Capítulo 34

Hoy, a mediodía


Miro la tarta de fruta. A decir verdad, no me gusta especialmente. El color de la cereza es casi perturbador, pero Mark suele mezclar de todo un poco con el café cuando viajamos en tren y la tarta de fruta siempre es parte del pícnic. Por ninguna otra razón, aparte de la rutina y la asociación, tiendo a hacer lo mismo cuando viajo sola.

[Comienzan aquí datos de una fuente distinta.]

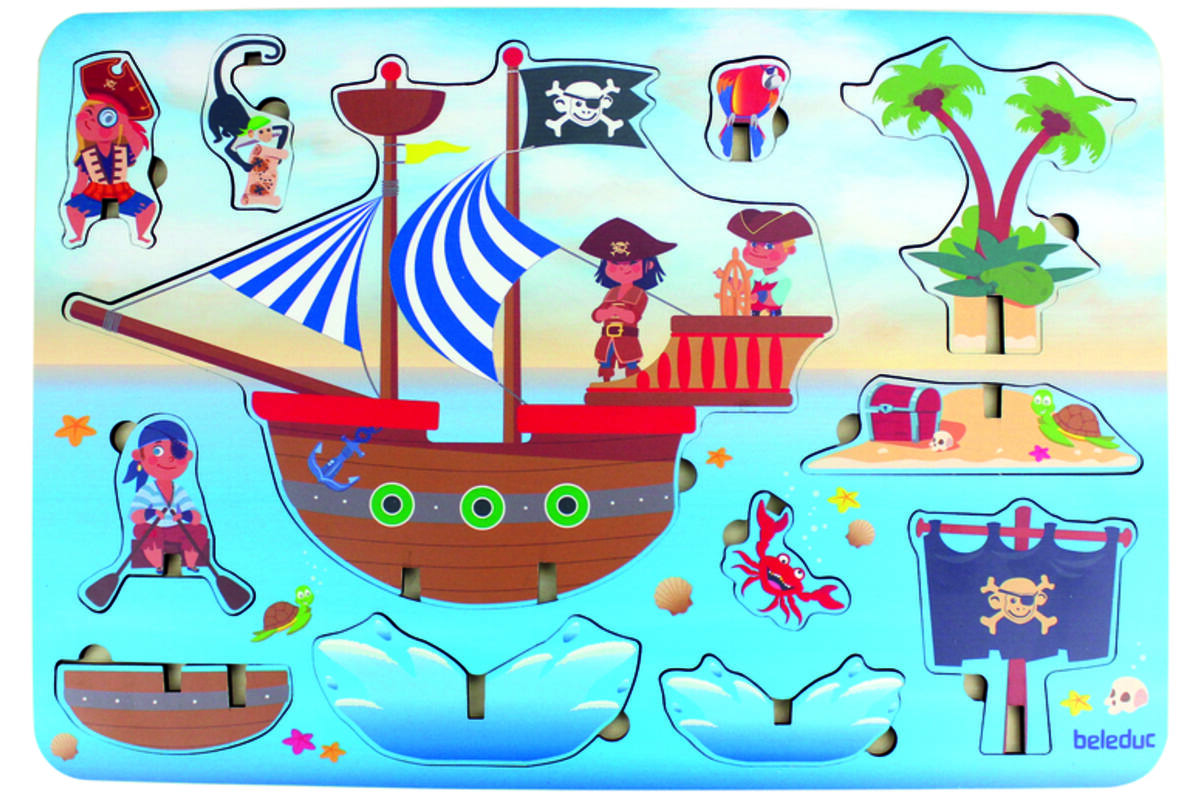 Avontuurpuzzel Piraten 3D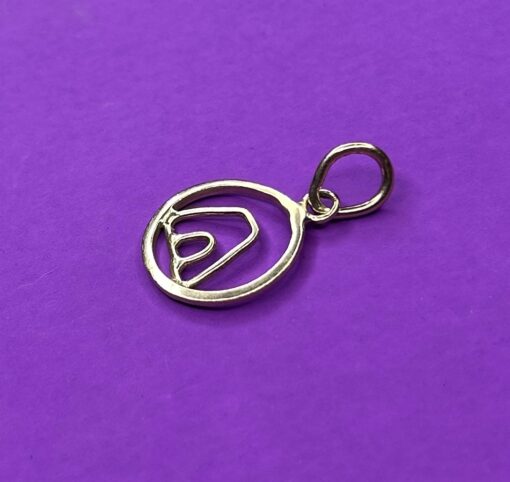 14K Gold Sugar Mill Pendant - Image 4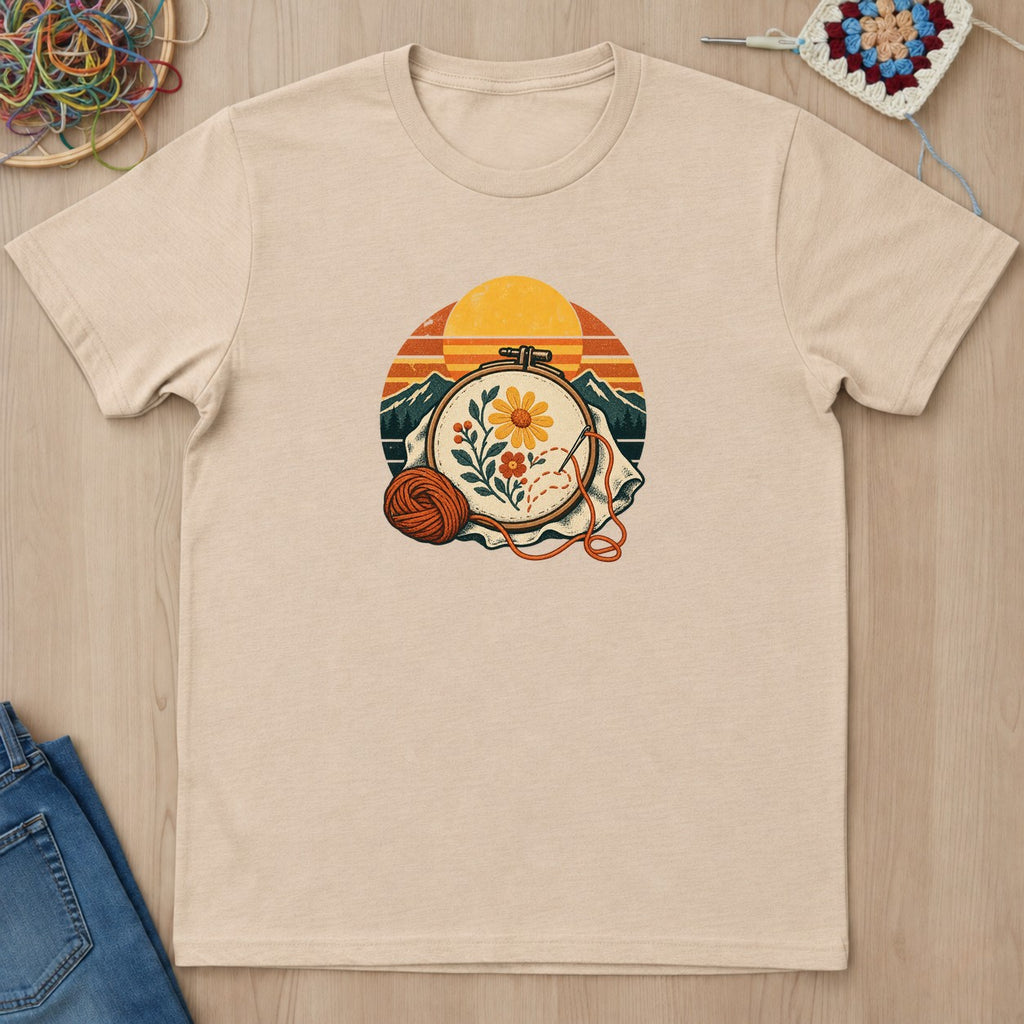 T-shirt mockup — Natural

—¿Algo más? —El hombre al otro lado de la bandeja del bufé parece impaciente. Me doy cuenta entonces de que estoy soñando despierta, indecisa.

—Perdone. Un trozo de tarta de fruta, por favor. Y alguna galleta de avena.

Al volver a mi asiento, miro el reloj. Debería estar en Paddington a las tres de la tarde. No vamos mal. Saco la revista y le doy un sorbo al café a través de la pequeña abertura de la tapa, aliviada porque el tren sea tan silencioso y me permita este raro capricho, aunque temporal, de una mesa de cuatro para mí sola. Dos carteles de reserva sobre los asientos de enfrente me confirman que tendré compañía a partir de Tiverton, pero seguiré disfrutando de esta bendita soledad durante largo rato.

Dejo mi ridículo teléfono de repuesto sobre la pequeña mesa. ¡Qué estúpida soy! Cuando hice las maletas, tiré el móvil de la cómoda sin querer y la pantalla quedó totalmente destrozada. Solo me ha dado tiempo a poner una antigua tarjeta SIM de saldo en este teléfono de repuesto: un viejo modelo sin Internet. Sirve solo para llamar y mandar mensajes y no tengo todos los contactos. No he encontrado siquiera el nuevo número del trabajo de Mark. ¡De entre todos los días…!

Miro las barras de cobertura; hay lo justo para llamar a Emma. Gracias a Dios he anotado su número en la agenda. Ben parecía estar bien anoche cuando hice su pequeña maleta, incluso emocionado, pero es la primera vez que se queda a dormir en casa de un amigo. Aunque Emma dice que será tan bueno para Theo como lo va a ser para mí, ha sido muy amable por su parte que se ofreciera.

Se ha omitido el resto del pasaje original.